Storyboard Gallery: A huge series of storyboards raining in complexity from rough lines and circles to pre-textured computer generated frames. Some of these are absolutely stunning, especially some of the pen tone renderings.

Art Direction: A collection of set pics, reference photos and still frames from the film.

Second Trimester:

Production Part 1 & 2: Most behinds the scenes “making-of’s” tend to be dry, simplistic and bland snippets of “here is how a film is made” studio approved moments from the set. What makes these videos great is the unguarded-ness of the participants, especially the constantly cursing Fincher. Most of what they talk about is how they dealt with various problems and “how the hell are we gonna do this” issues which really gives the viewer an understanding of just what an undertaking making a film like this is. Instead trying to smokescreen us with “Hollywood magic” they give us the nuts and bolts reality of filmmaking and that is what makes it a worthwhile watch.

Costume Design: Jacqueline West did a terrific job with the daunting task for dressing 100’s of people in a film spanning eight decades. This bit is short and a bit light but covers just the right amount of material the most interesting of which is how she not only had to consider how a costume looked on screen but how it would move for certain scenes.

Costume Gallery: A small set of on-set and still frame pictures of various actors and extras in costume.

The Third Trimester:

Performance Capture: Starting off with a peek at the assembly process that Fincher employs with his editors then moving on to show how they matched Brad Pitt’s performance to the footage that they already shot.

Benjamin: The special effects team from Digital Domain takes center stage here as they delve into to further detail on how they put Brad Pitt’s head at various ages on to the body of other actors. The fascinating thing about this aspect of the film is that, as everyone involved keeps repeating over and over again, they weren’t sure if it was going to work and wouldn’t know until it was all finished. Considering how much studio money Fincher spent shooting the film up until that point, you have to admire his gumption for taking such a huge risk in making a film in a way that had never been done nor did anyone think could be.

Youthenization: This video covers the de-aging process used by effects company Lola to make Brad and Cate look younger throughout the film. An effect that only somewhat worked in the film itself. While Cate’s de-aging could be considered convincing to an extent, Brad’s just made him look creepy and plastic.

The Chelsea: A standard video about how the effects shots were done for the Chelsea. Not to diminish the excellent CG work, but the video is nothing that we haven’t a hundred times before.

The Simulated World: Much like the video about the Chelsea this is pretty standard behind the scenes special effects fare.

Sound Design: Another aspect of filmmaking that is all too often left out of making-of’s is sound design, and understandably so. Yes, sound design is a key component of filmmaking, but footage of an engineer sitting behind a giant mixing board, fiddling with wave forms just isn’t very compelling. This video however, brilliantly avoids the agonizingly technical explanations of the whole process and instead focuses almost singularly on how they dealt with voices in the film which is a much better way to make it easier for a laymen viewer to understand and appreciate at least a small portion of this facet of filmmaking than trying to bombard them with the global scope of it.

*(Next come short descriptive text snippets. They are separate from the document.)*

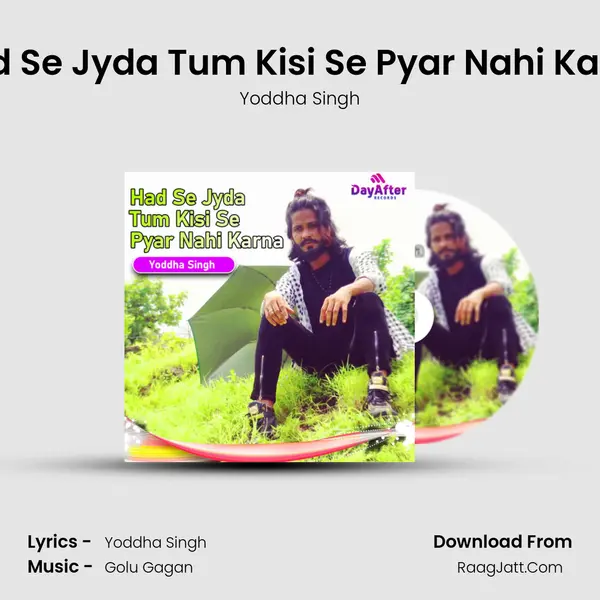 Had Se Jyda Tum Kisi Se Pyar Nahi Karna Song mp3 | Yoddha Singh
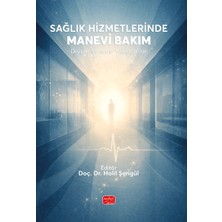 Nobel Bilimsel Eserler Sağlık Hizmetlerinde Manevi Bakım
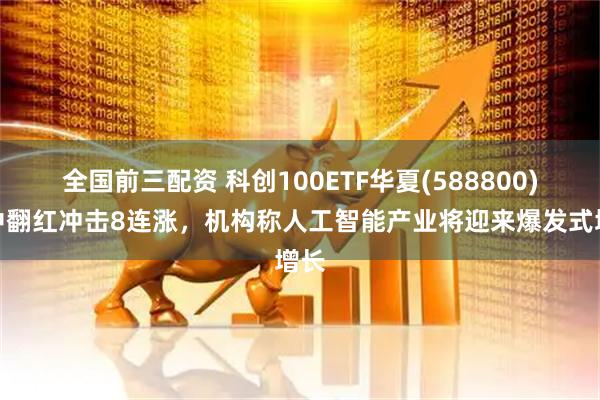 全国前三配资 科创100ETF华夏(588800)盘中翻红冲击8连涨，机构称人工智能产业将迎来爆发式增长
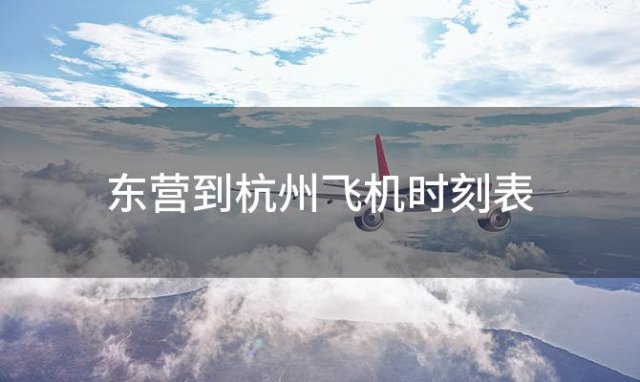 东营到杭州飞机时刻表 东营到杭州飞机航班信息查询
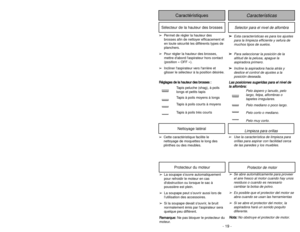 Page 19- 30 -
Limpieza para orillas
Nettoyage latéral
➢Use la característica de limpieza para
orillas para aspirar con facilidad cerca
de las paredes y los muebles.
➢Cette caractéristique facilite le
nettoyage de moquettes le long des
plinthes ou des meubles.
➢Se abre automáticamente para proveer
el aire fresco al motor cuando hay unos
residuos o cuando es necesario
cambiar la bolsa de polvo.
➢Es posible que el protector del motor se
abra cuando se usan las herramientas
➢Si se abre el protector del motor, la...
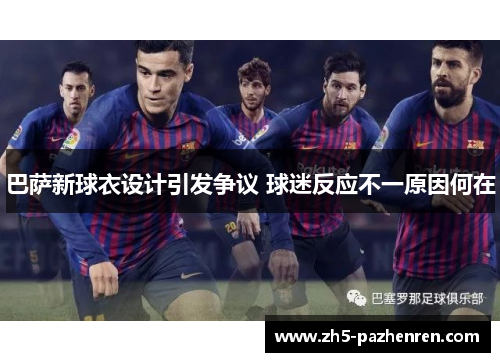 巴萨新球衣设计引发争议 球迷反应不一原因何在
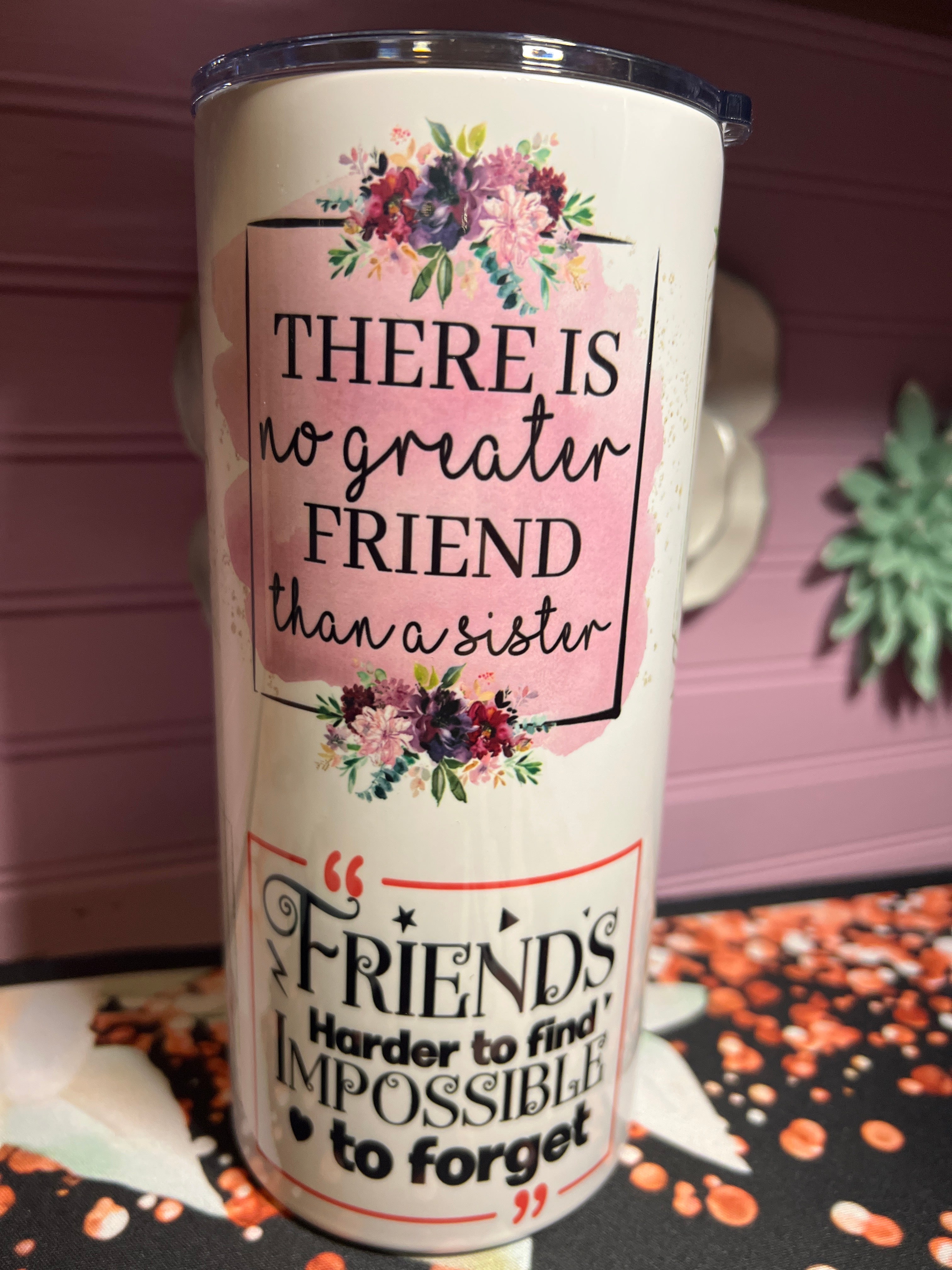 Sister tumbler 22 oz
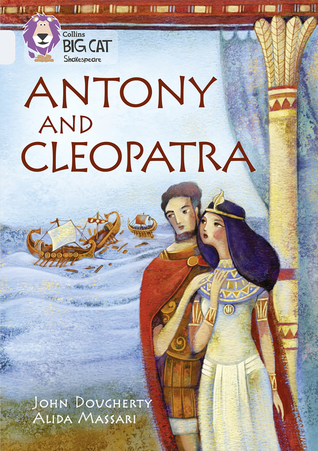 Read Antony and Cleopatra: Band 17/Diamond (Collins Big Cat) - John Dougherty file in ePub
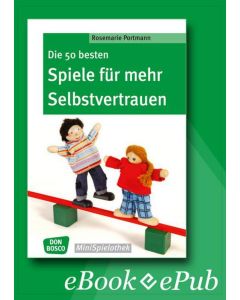 Die 50 besten Spiele für mehr Selbstvertrauen - eBook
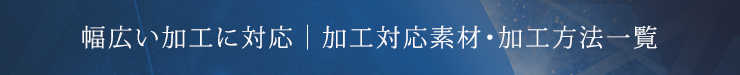 幅広い加工に対応｜加工対応素材・加工方法一覧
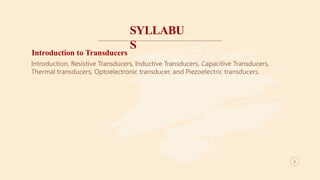 SYLLABU
S
3
Introduction to Transducers
Introduction, Resistive Transducers, Inductive Transducers, Capacitive Transducers,
Thermal transducers, Optoelectronic transducer, and Piezoelectric transducers.
3
 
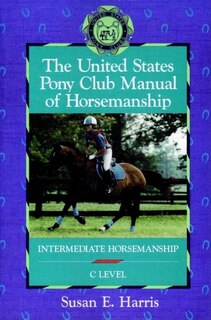 Front cover_The United States Pony Club Manual Of Horsemanship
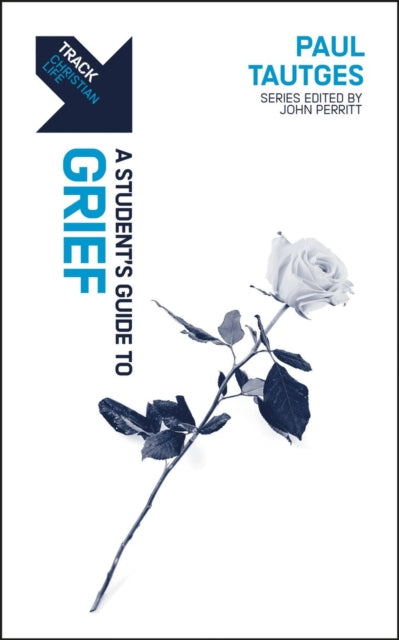 Book cover of: Track: A Student's Guide to Grief. By: Paul Tautges
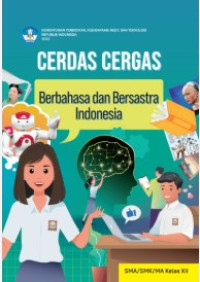 Cerdas Cergas Berbahasa dan Sastra Indonesia XII (319-354)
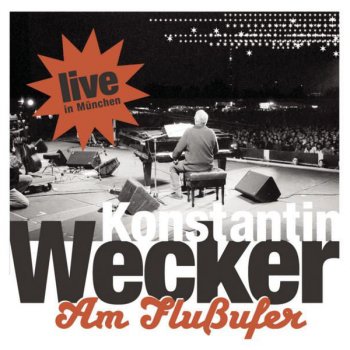 Konstantin Wecker Schlendern - Live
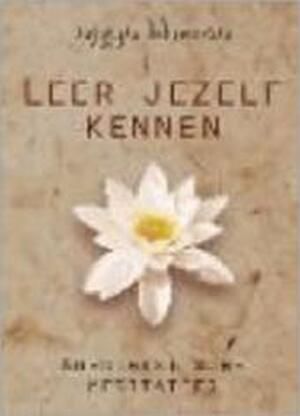 Leer jezelf kennen - A. Khema Leer jezelf kennen - A. Khema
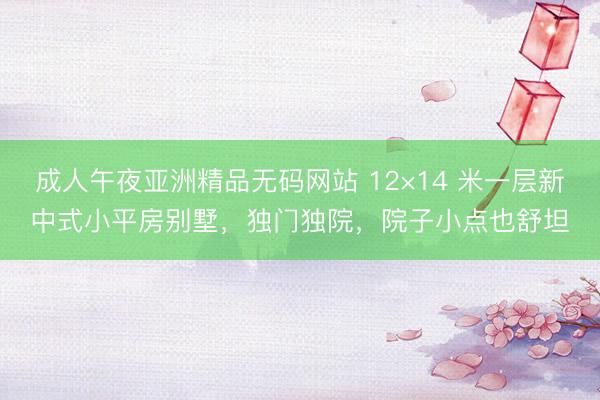 成人午夜亚洲精品无码网站 12×14 米一层新中式小平房别墅，独门独院，院子小点也舒坦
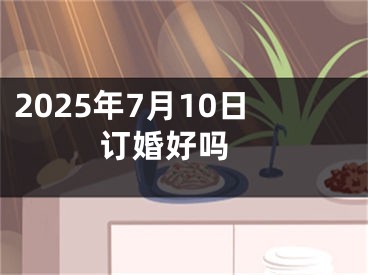 2025年7月10日订婚好吗 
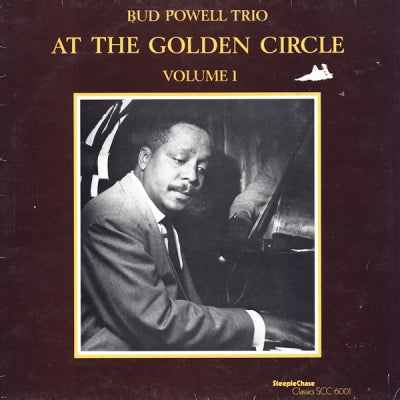 THE BUD POWELL TRIO - At The Golden Circle Volume 1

Desplat’s Instrumentarium: Score composer Alexander Desplat discusses his methodology and approach to scoring a film. There’s little that hasn’t been said or herd before but there is the interesting reveal about how the theme for Benjamin was played in reverse at certain points in the film.


Premier: A nice little wrap up of various member of the production talking about what a great experience making the film was intercut with footage from the premier.

Production Stills: It is what it says.

Unfortunately despite it technical and performance merits, the Curious Case of Benjamin Button will be a film that falls into the same category as “A Beautiful Mind”, a terrific cinematic achievement that is quickly forgotten.